Oral Arguments pending at the Court of Appeals for the Federal Circuit

Filed October 27, 2014
Case No. 15-1080

This case was submitted by plaintiff McRo, Inc. to the Court of Appeals for the Federal Circuit following the decision in favor of defendants. Some of the defendants include Bandai Namco Games America Inc., Sega of America Inc., and Electronic Arts Inc.  Oral arguments are this Friday, December 11, 2015.

The case was originally filed in the United States District Court for the Central District of California (case no. 2:12-cv-10322), on December 4, 2012. The patents-in-suit, 6,307,576 and 6,611,278, are entitled, "Method for Automatically Animating Lip Synchronization and Facial Expression of Animated Characters."

Below is an exemplary claim from the '278 patent:

1. A method for automatically animating lip synchronization and facial expression of three-dimensional characters comprising:

obtaining a first set of rules that defines a morph weight set stream as a function of phoneme sequence and times associated with said phoneme sequence;

obtaining a plurality of sub-sequences of timed phonemes corresponding to a desired audio sequence for said three-dimensional characters;

generating an output morph weight set stream by applying said first set of rules to each sub-sequence of said plurality of sub-sequences of timed phonemes; and

applying said output morph weight set stream to an input sequence of animated characters to generate an output sequence of animated characters with lip and facial expression synchronized to said audio sequence.

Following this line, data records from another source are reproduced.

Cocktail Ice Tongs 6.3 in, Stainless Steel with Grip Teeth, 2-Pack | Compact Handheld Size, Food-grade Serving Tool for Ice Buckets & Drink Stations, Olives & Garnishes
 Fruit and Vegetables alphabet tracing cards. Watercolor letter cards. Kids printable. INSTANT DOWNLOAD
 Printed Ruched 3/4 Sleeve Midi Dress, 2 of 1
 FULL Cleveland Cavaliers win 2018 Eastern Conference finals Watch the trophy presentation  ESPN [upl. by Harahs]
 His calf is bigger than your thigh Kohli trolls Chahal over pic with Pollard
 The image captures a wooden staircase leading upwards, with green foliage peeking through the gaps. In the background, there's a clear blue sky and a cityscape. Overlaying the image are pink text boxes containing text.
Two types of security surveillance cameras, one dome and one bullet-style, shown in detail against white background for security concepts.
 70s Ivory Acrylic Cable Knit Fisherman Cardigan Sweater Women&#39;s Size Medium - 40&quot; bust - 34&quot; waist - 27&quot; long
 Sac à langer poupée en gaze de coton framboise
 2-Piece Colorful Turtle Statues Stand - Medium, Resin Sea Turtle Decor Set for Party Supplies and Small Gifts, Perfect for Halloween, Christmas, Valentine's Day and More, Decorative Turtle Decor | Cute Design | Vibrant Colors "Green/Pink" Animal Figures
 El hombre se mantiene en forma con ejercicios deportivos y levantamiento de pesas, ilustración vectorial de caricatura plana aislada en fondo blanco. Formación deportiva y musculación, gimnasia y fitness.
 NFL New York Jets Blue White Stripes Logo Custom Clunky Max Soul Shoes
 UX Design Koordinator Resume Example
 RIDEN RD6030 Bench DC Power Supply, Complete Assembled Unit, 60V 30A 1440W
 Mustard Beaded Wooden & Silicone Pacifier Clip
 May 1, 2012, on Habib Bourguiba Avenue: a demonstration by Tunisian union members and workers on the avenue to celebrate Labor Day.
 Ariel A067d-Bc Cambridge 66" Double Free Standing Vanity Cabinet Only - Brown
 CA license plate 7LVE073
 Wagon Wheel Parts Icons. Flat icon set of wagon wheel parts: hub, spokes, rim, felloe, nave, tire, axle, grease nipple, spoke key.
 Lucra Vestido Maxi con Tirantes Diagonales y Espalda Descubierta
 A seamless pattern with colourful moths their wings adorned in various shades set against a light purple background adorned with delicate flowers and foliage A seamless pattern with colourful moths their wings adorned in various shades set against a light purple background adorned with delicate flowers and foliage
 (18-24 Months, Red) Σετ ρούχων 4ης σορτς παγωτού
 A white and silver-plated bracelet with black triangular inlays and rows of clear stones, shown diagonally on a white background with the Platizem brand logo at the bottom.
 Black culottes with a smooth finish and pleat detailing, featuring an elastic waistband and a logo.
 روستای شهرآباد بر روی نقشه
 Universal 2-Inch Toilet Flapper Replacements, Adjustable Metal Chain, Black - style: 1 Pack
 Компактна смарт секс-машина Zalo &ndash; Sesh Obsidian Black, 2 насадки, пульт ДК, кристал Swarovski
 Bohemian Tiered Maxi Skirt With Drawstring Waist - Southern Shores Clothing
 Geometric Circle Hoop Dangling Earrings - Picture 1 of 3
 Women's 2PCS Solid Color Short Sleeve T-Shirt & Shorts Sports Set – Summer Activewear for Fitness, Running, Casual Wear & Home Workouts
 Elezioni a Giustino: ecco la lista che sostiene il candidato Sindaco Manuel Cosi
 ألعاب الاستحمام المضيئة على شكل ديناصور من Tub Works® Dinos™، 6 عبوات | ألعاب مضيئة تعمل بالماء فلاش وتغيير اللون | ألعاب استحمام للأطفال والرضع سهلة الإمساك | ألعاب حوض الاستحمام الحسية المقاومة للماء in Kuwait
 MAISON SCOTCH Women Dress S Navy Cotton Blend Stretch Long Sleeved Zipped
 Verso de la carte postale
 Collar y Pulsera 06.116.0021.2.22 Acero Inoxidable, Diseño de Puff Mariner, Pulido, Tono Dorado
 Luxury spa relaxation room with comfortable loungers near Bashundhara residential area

McRO alleged defendant Bandai infringed the patents-in-suit by using the claimed methods for automatically animating lip synchronization of three-dimensional characters.

The defendants argued McRO’s lip-sync animation patents claimed only an abstract idea under the U.S. Supreme Court’s recent Alice decision, and therefore the patents are invalid. McRO argued in the appeals court that the patents-in-suit were not invalid under the Alice case. McRO stated its patents claim a 3-dimensional lip-sync animation. McRO argued that the steps in the patent should be taken as a whole to determine patentability, rather than individually.

 The Alice case held that a patent is valid if the invention improves existing technological processes.

We will be attending oral arguments at the court, and will report any significant updates.